• _Description of the task_:
With the pictures omitted, write out all of the listing exactly.
START Supplied information
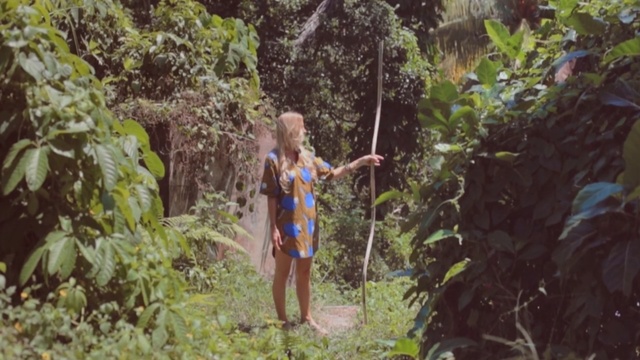 Video Reference: Vegetation, Jungle, Nature, Nature reserve, Natural environment, Old-growth forest, Wilderness, Forest, Plant community, Rainforest, Person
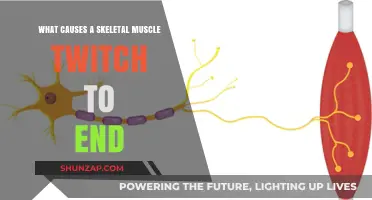 Understanding the Mechanisms Behind Skeletal Muscle Twitch Termination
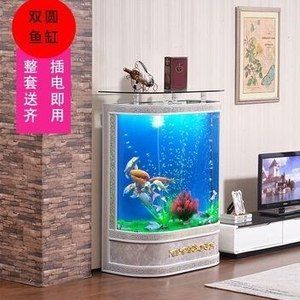 插電魚(yú)缸怎么使用視頻：插電魚(yú)缸的一些常見(jiàn)使用方法 魚(yú)缸百科 第1張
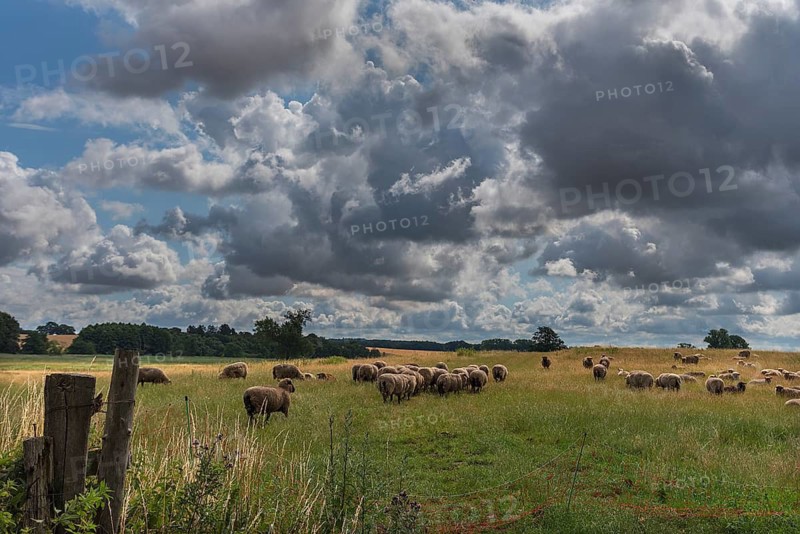 Black-headed sheep (Ovis gmelini aries) on pasture, cloudy sky, Mecklenburg-Western Pomerania, Germany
END Supplied information
• _Answer box_:
 Video Reference: Vegetation, Jungle, Nature, Nature reserve, Natural environment, Old-growth forest, Wilderness, Forest, Plant community, Rainforest, Person
 Understanding the Mechanisms Behind Skeletal Muscle Twitch Termination
 插電魚(yú)缸怎么使用視頻：插電魚(yú)缸的一些常見(jiàn)使用方法 魚(yú)缸百科 第1張
 Black-headed sheep (Ovis gmelini aries) on pasture, cloudy sky, Mecklenburg-Western Pomerania, Germany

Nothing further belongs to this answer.